2. The Kleen Energy power plant blast illustrated the tension that arises when several agencies with seemingly overlapping jurisdictions have to work together. What were DEMHS' and DPS' roles in the aftermath of the explosion? How will the merger improve the level of communication and avoid unnecessary duplication or confusion in response to a catastrophic event?
3. The nature of homeland security and emergency management operations requires DEMHS to work with many different federal, state, and local agencies. In what areas do you believe the agency has been most effective in leading state preparedness efforts? Has it been more effective interacting at the federal, state, or local level?
4. How would you characterize DEMHS' relationship with towns? How does the relationship with towns compare with the relationship OEM had with towns when the office was within DPS?
1. Some argue that DPS' jurisdiction is currently too broad. How will the new functions and responsibilities affect DPS' operations? What functions now being performed by DPS would be best assigned to another agency?
2. What do you believe will be DPS' greatest challenges in effectively preparing for and responding to catastrophic disasters or terrorist attacks?
3. How can DPS contribute to meeting the governor's budget goals without jeopardizing public safety?

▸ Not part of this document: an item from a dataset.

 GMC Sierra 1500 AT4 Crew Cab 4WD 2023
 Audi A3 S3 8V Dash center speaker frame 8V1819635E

Board of Firearms Permit Examiners
1. The bill puts the Board of Firearms Permit Examiners, which hears appeals of gun decisions, in DPS for all purposes instead of for administrative purposes only. The rationale for the current arrangement appears to have been to allow for independent and impartial review of gun permit decisions. What is the rationale for making the same body responsible for issuing gun permits responsible for handling appeals of permit decisions?
Resident Trooper Program
1. The bill increases, from 70% to 100%, the amount towns must pay their resident troopers for overtime and fringe benefits directly associated with the cost of trooper services. Towns continue to pay 70% of regular costs (§ 35). Approximately how much more will towns have to pay?
1. Has the merger been discussed with stakeholders (e.g., towns and fire service and emergency management personnel) to determine if there is an alternative, less disruptive approach that could produce better results?

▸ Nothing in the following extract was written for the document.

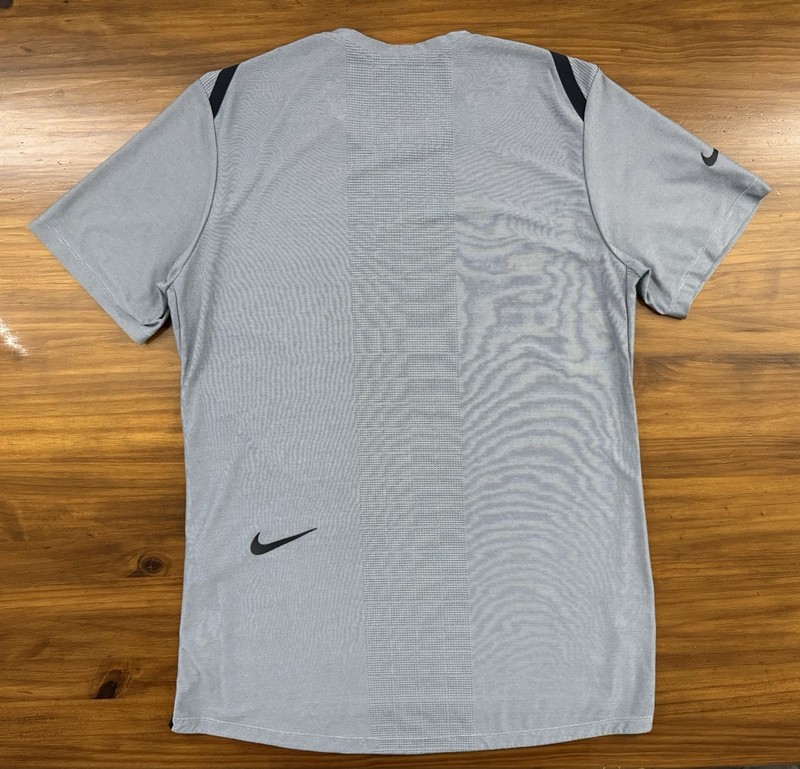 Nike Running Tech 14 09 11 05 Shirt Men's Medium Long Tall Gray S/S Crew gallery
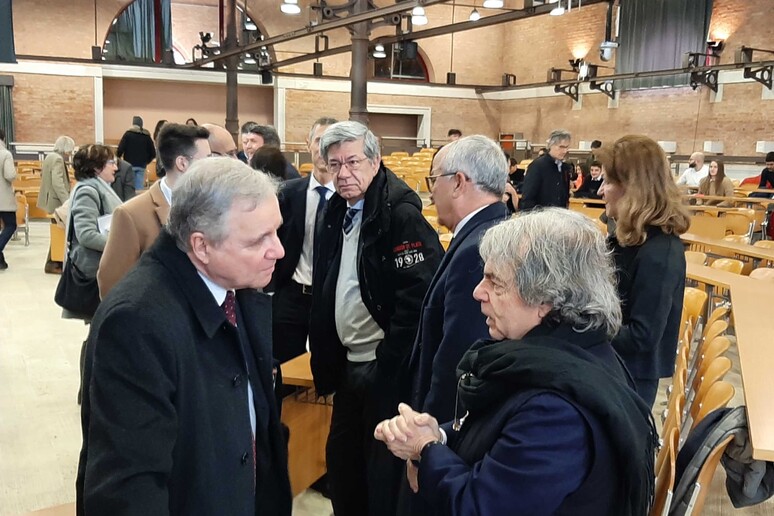 - RIPRODUZIONE RISERVATA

2. Are there any risks associated with the merger and what systems are in place to mitigate them?
3. What measures should we use to evaluate the success of the merger?
4. To what extent is terrorism a real threat in Connecticut?
5. What are Connecticut's security needs and goals? How prepared is the state to deal with a terrorist attack or a major disaster, such as a Category 4 hurricane? How prepared is it to deal with cyber-terrorism?
6. From an emergency management and homeland security perspective, what are some of the assets and threats that are unique to Connecticut?
7. Related agencies often have distinct priorities and agendas that inhibit their working well together. To what extent has this been an issue for DPS and DEMHS?
8. To what extent does DEMHS collaborate with private entities?
9. How does DEMHS rank nationally in terms of its ability to deliver emergency management and homeland security services?
10. Who should members of the public contact if they have questions or comments on the merger?